Form: The STIR (socio-technical integration research) project embeds humanities scholars and social scientists within laboratories to probe the possibility and utility of collaborative inquiry to articulate, enhance and stimulate “midstream modulation” of material practices and technology development. Midstream modulation takes place in three iterative stages of inquiry by technical experts engaged in research and innovation: de facto, in which material, social, cultural, ethical and economic aspects interact with human agency and choice; reflexive, in which such aspects are recognized as such by practitioners; and deliberat(iv)e, in which decision making takes them more explicitly into account. STIR enrolls participating lab scientists as collaborators, while embedded humanists frequently contribute to the work of the lab.

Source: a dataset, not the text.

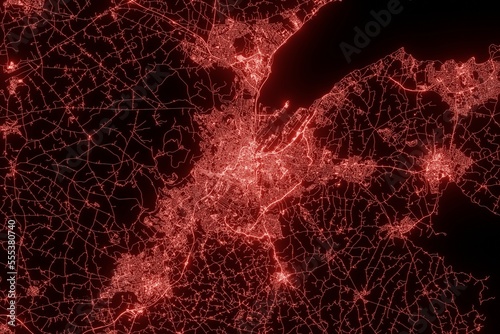 Street map of Belfast (UK) made with red illumination and glow effect. Top view on roads network. 3d render, illustration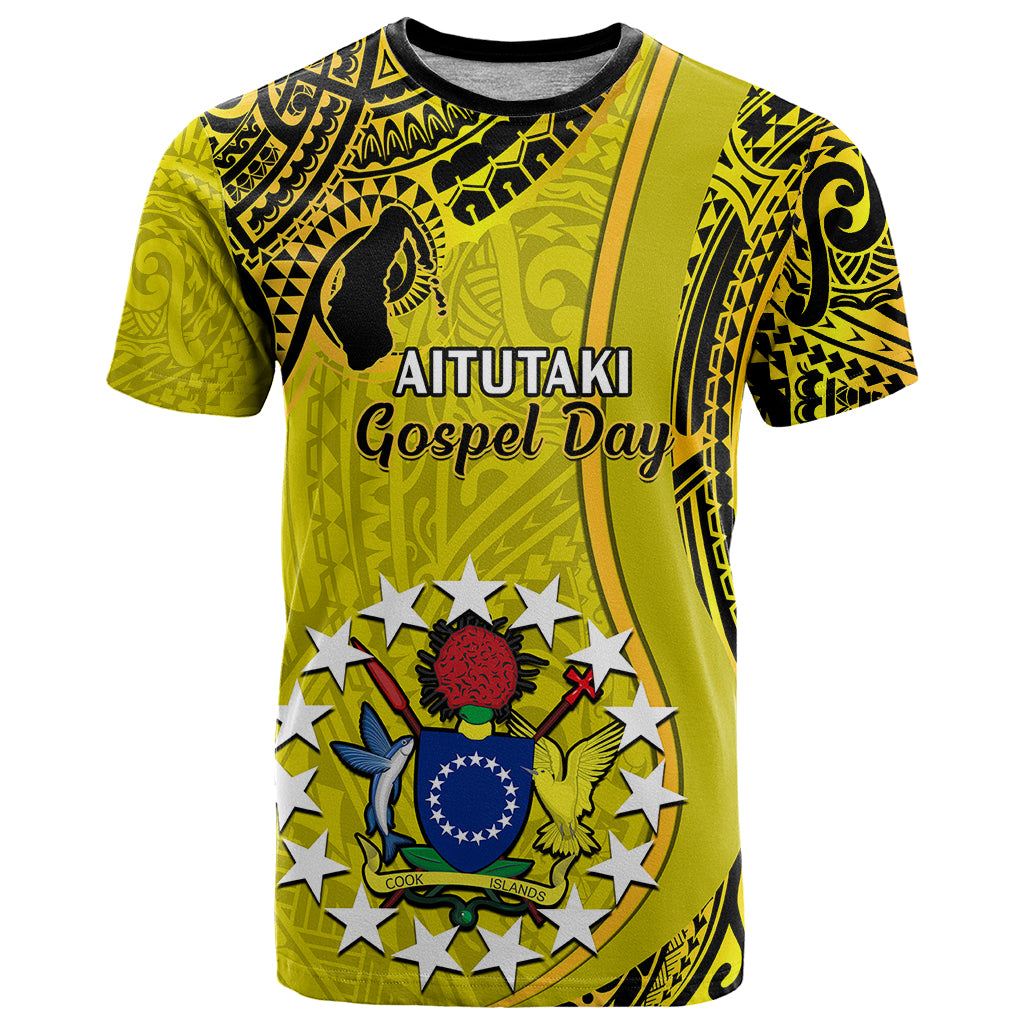 Personalised 27 October Aitutaki Island Gospel Day T Shirt Cook Islands Tribal Pattern - Wonder Print Shop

Means: STIR has pioneered the 12-week “laboratory engagement study” in which the results of ethnographic participant-observation are fed back into the field of study in real-time. This is done largely through a semi-structured “decision protocol” that asks fundamental, open-ended questions. The frequent and regular use of the protocol facilitates collaborative description of ongoing decision processes, which in turn serves as the basis for collaborative inquiry.

Ends: The purpose of conducting this type of engaged research is to inform the design and evaluation of future integrative efforts to ensure that they are effective (and not counter-productive) at informing the shape, direction and outcomes of emerging technologies in socially responsive ways. In the process, the research aims to explore, develop and ideally demonstrate alternative, self-critical, yet productive meaning making practices among (state funded) scientific professionals and technical experts.

Outcomes: STIR studies have been conducted in over two-dozen labs on three continents and have demonstrated that lab researchers can become more reflexively aware of societal aspects of their work, develop more deliberative processes of decision making and, alter their material practices and research directions (Fisher 2007; Fisher et al. 2010; Flipse et al. 2012; Schuurbiers 2011).